Kircher v. City of Jamestown

Hancock, Jr., J.

(dissenting). I would reverse and deny summary judgment.

In De Long v County of Erie (60 NY2d 296), the police negligently failed to respond to a 911 call after stating that the call would be answered; as a result, plaintiffs decedent was stabbed to death by an intruder. This court affirmed a judgment in favor of plaintiff. In this case, the police officer stated that he would call in the report of an ongoing crime. He negligently failed to do so; as a result, plaintiffs abductor made his escape and repeatedly raped and beat her. The difference between the two cases, the majority says, is that here there was no direct contact between plaintiff and the police as there was in De Long, and that there was no reliance by plaintiff on the assurances of aid. The majority finds the distinction critical although, concededly, "[pjlaintiff, by virtue of her unfortunate circumstances, could not communicate with the police and thus obviously could not rely on their assurances of assistance.” (Majority opn, at 257.) There is no question that plaintiffs would-be rescuers did contact police and, in reliance on the police officer’s actions, stopped their attempts to help plaintiff. In my opinion, there is no reasoned basis for distinguishing De Long and denying recovery solely because plaintiff did not herself contact police or rely on their assurances; nor do the policy reasons underlying our decisions command this result.

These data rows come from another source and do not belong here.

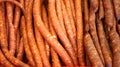 Background with dried and smoked sausages Royalty Free Stock Photo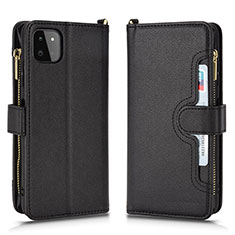 Coque Portefeuille Livre Cuir Etui Clapet BY2 pour Samsung Galaxy A22 5G Noir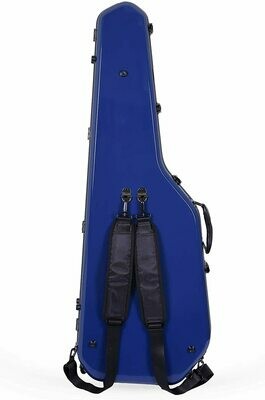 Crossrock Fiberglass Case for Telecaster and Stratocaster Style in Electric Guitars - Navy Blue (CRF2020GSTNVBL)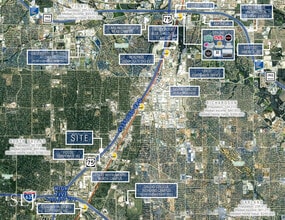 746 US Highway 75, Richardson, TX - VUE AÉRIENNE vue de carte
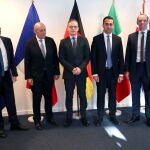 Josep Borrell, Jean-Yves Le Drian, Heiko Maas, Luigi Di Maio y Dominic Raab en Bruselas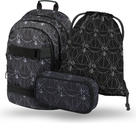 BAAGL SADA 3 Skate Harry Potter Die Heiligtümer des Todes: Rucksack, Federmäppchen, Tasche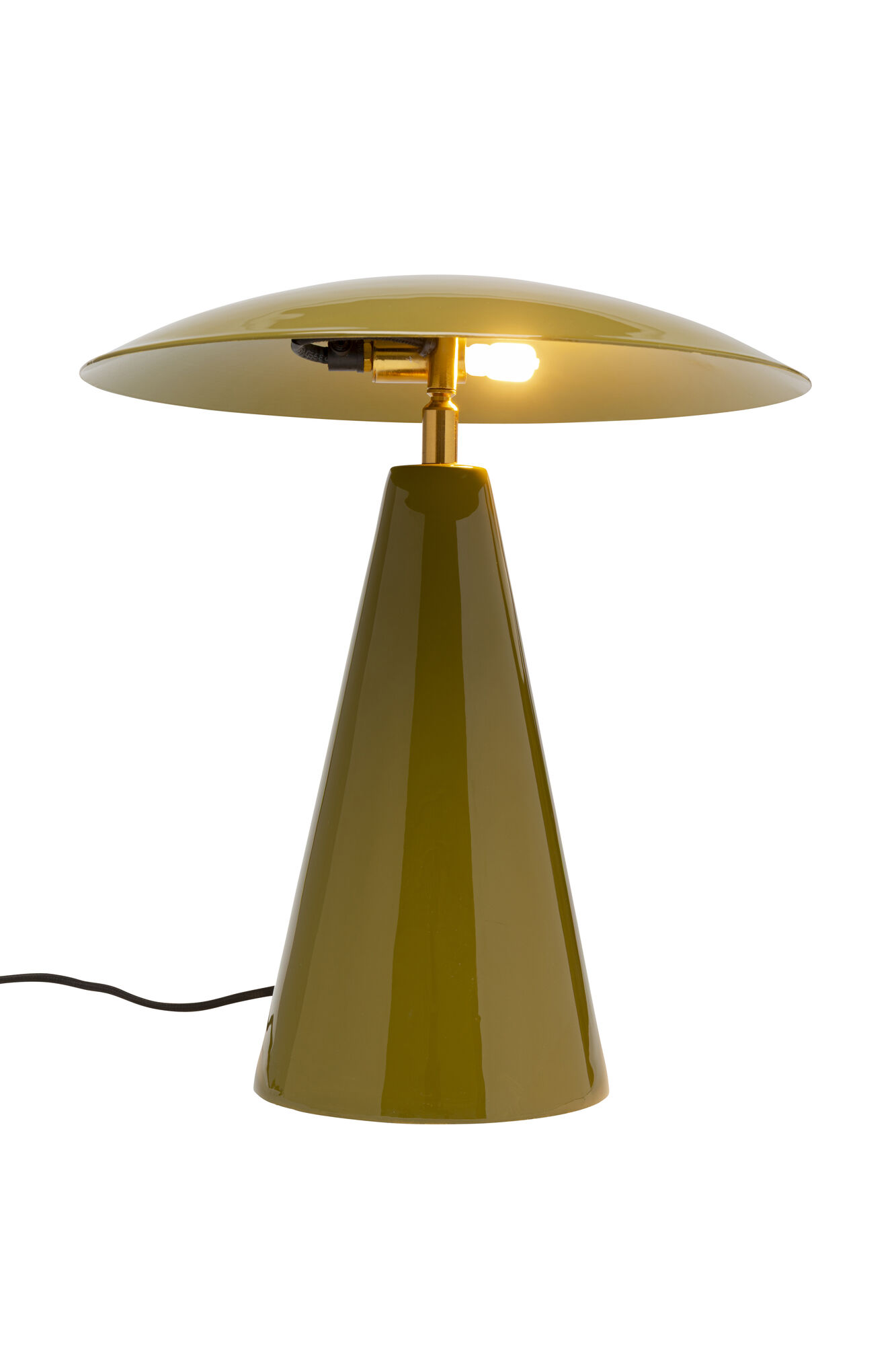 Lampa stołowa Fungo Flat zielona 33cm – obraz-1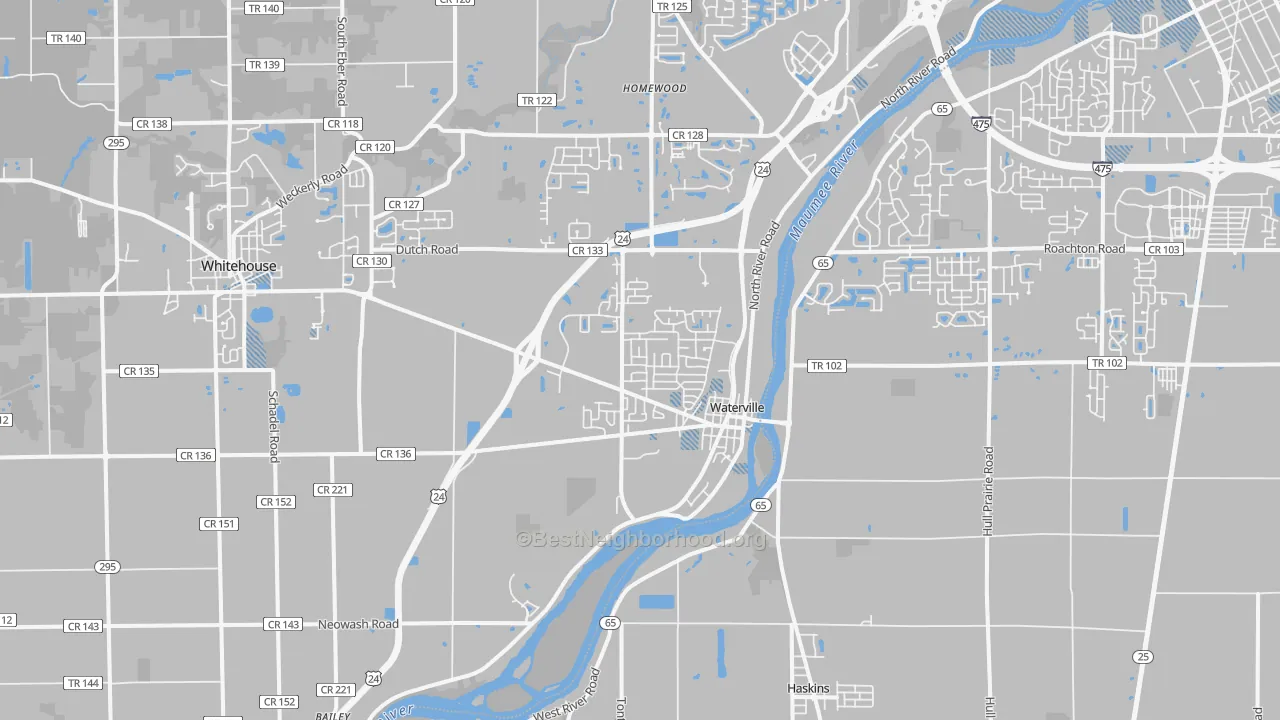 Transit Grade map of Waterville, OH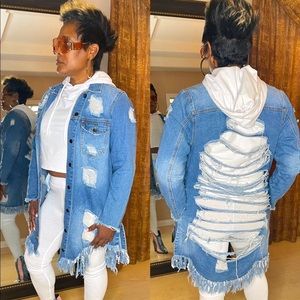 Blue Jean Jacket Dress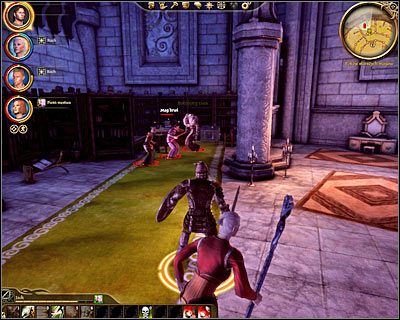 Stopniowo przebijaj się przez kolejne komnaty, dążąc do okrążenia tej centralnej - Dragon Age Początek: Przerwany krąg (1) - Dragon Age: Początek - poradnik do gry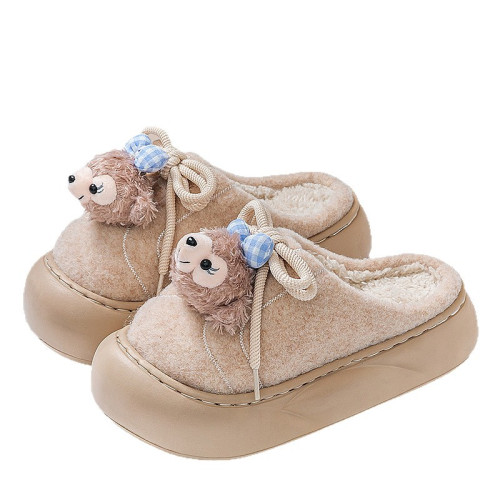 雪莉玫棉拖鞋女2025秋冬季新款室內家居加絨保暖厚底可愛毛絨棉拖 雪莉玫棉拖鞋女2025秋冬季新款室內家居加絨保暖厚底可愛毛絨棉拖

*261In De Long, as here, the police undertook the duty to act on the report and gave assurances of aid; there was reliance on those assurances; and the reliance on the assurances provided the causal link between the police negligence and the harm to the victim.1 How can it matter that in De Long it was the injured party, herself, who relied on the police assurances, while here it was those who could have helped and did not? There is no logical reason for the distinction and the majority offers none.2

Nor, in my view, can there be a rational policy reason for differentiating this case from De Long. In both cases the police themselves had undertaken the duty to act. Here, as in De Long, the police stated that they would respond to a call. The decision to act was made. Thus, neither required a governmental determination of how police resources should be allocated (see, majority opn, at 256). The sole policy basis for the distinction offered by the majority is that the "requirement of direct contact, which is closely related to the element of reliance, serves to rationally limit the class of persons to whom the municipality’s duty of protection runs” (majority opn, at 257). In short, the reason for the limitation is the limitation itself.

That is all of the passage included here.